Starting in 2010, I’ve enjoyed the distinct privilege to be the disease co-chair of the thyroid cancer project of The Cancer Genome Atlas (TCGA). This program is a joint effort of the National Cancer Institute (NCI) and the National Human Genome Research Institute (NHGRI). The program was conceived and proposed in 2005 (see http://cancergenome.nih.gov/PublishedContent/Files/pdfs/TCGA_executive_summary.pdf) and initiated in 2006 with several pilot projects, with the overarching goal being the comprehensive characterization of the somatic changes within the cancer genome. After initiation of pilot projects on brain, ovary, and lung cancers [13], TCGA was substantially expanded with a large fund infusion from The American Recovery and Reinvestment Act of 2009 (ARRA) to include the most common types of cancers including thyroid cancer. Here, my ultimate goals are to describe the key elements of the consortium and to discuss its relevance for the surgical pathology community, as we are in the early stages of a genomic transformation.

It was pure serendipity that I, with an introduction from Carolyn Compton, was first to knock on the TCGA thyroid door. Given my prior publications on gene expression profiles and genomic studies of thyroid cancer [46], TCGA leadership asked me if I would like to serve as the disease co-chair. I immediately accepted their offer, as TCGA represented the exact type of genomic science that wanted to pursue. My informatics co-chair was Gad Getz of the Broad Institute of Harvard and MIT and the Department of Pathology of Massachusetts General Hospital. It would become instantly obvious that Gaddy is a brilliant computational biologist, formally trained in physics and then molecular biology. The project officially launched in May 2010 and we would share a wild journey over the next 4 years.

The first activity of TCGA projects is to form a Disease Working Group (DWG), a committee of disease experts whose primary mission is to determine the contents of the various data forms used to capture relevant clinicopathologic information. With input from TCGA leadership, we invited a group of accomplished endocrinologists, thyroid surgeons, and thyroid pathologists to join the DWG. Once assembled by May 2010, the DWG was also charged with defining the scope of the project, specifically deciding on which type(s) of thyroid cancer to study. TCGA strongly prefers to study one specific subtype of cancer in each project; for ovary they selected papillary serous adenocarcinoma [2]. The DWG initially proposed studying the full spectrum of follicular cell-derived thyroid cancers, from well-differentiated carcinomas (i.e., papillary and follicular) to poorly-differentiated and anaplastic/undifferentiated carcinomas. However, that idea was not acceptable to TCGA because this approach would likely dilute the statistical power needed to find new cancer genes. Looking back, there was a large degree of truth to that argument, but it would have also been beneficial to study in parallel a small cohort of histologically aggressive forms of thyroids cancers to permit direct comparisons between the different thyroid cancer types. Given that papillary thyroid carcinoma (PTC) is the most common type of thyroid cancer combined with the requirement for high-quality frozen tissues, selecting PTC for study was the only viable option.

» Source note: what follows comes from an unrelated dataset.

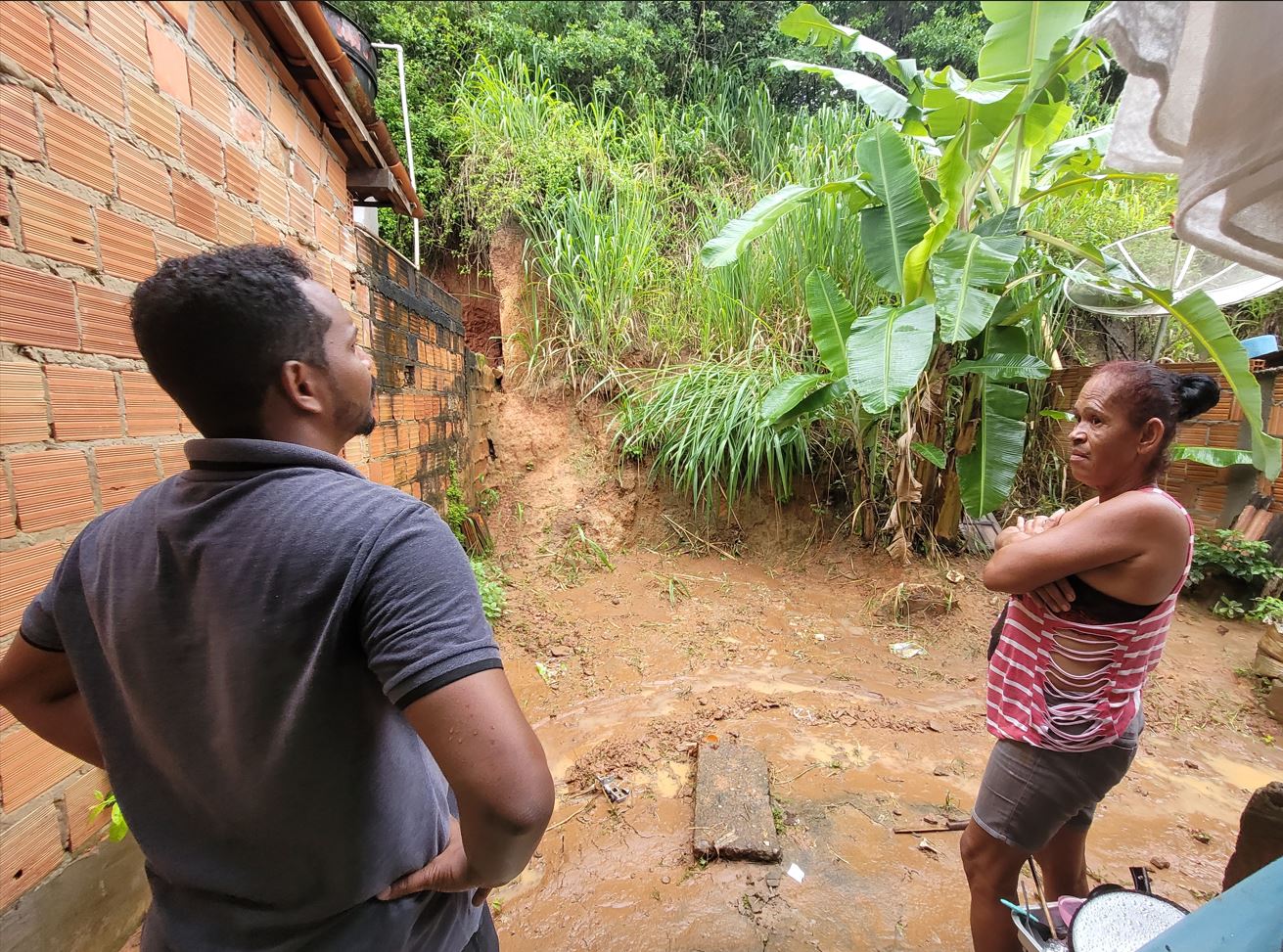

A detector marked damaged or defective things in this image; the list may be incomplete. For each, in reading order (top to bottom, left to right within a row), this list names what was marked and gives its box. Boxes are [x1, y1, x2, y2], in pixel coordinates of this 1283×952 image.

broken concrete block [692, 739, 780, 867]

The DWG of each project also guides, with assistance from the Biospecimen Core Resource (BCR, see below), the development of several forms to ensure standardized collection of pathology and clinical data. The Initial Case Quality Control Form captures initial pathology information. The Enrollment Form captures relevant clinical information and is only completed after the specimen passes key histologic and molecular metrics and is approved by the BCR for inclusion in the study. The Follow-Up Form captured outcome data and is only completed after 12 months has lapsed since case enrollment. These forms can be found at the BRC website (see http://www.nationwidechildrens.org/biospecimen-core-resource-clinical-data-forms-standard).

While the DWG was doing their work, the Biosample Core Resource (BCR) began receiving PTC samples and matched normal blood (non-neoplastic thyroid tissue from the contralateral lobe in cases with unifocal PTC was eventually permitted after it was determined to be essentially genetically indistinguishable from white blood cells) from Tissue Source Sites (TSSs), along with the data detailed in the Case Quality Control Form. Academic hospitals and commercial tissue banks served as TSSs, with IRB approval. The BCR for the thyroid project was located at The Research Institute at Nationwide Children’s Hospital in Columbus Ohio under the leadership of Julie Gastier-Foster (see http://www.nationwidechildrens.org/biospecimen-core-resource-for-the-cancer-genome-atlas). The BCR was responsible for all aspects of tissue collection, storage, and handling, as well as nucleic acid extractions and distribution throughout the network for data generation. In addition, the BCR checks and verifies the clinical data before being uploaded to the Data Coordinating Center (DCC).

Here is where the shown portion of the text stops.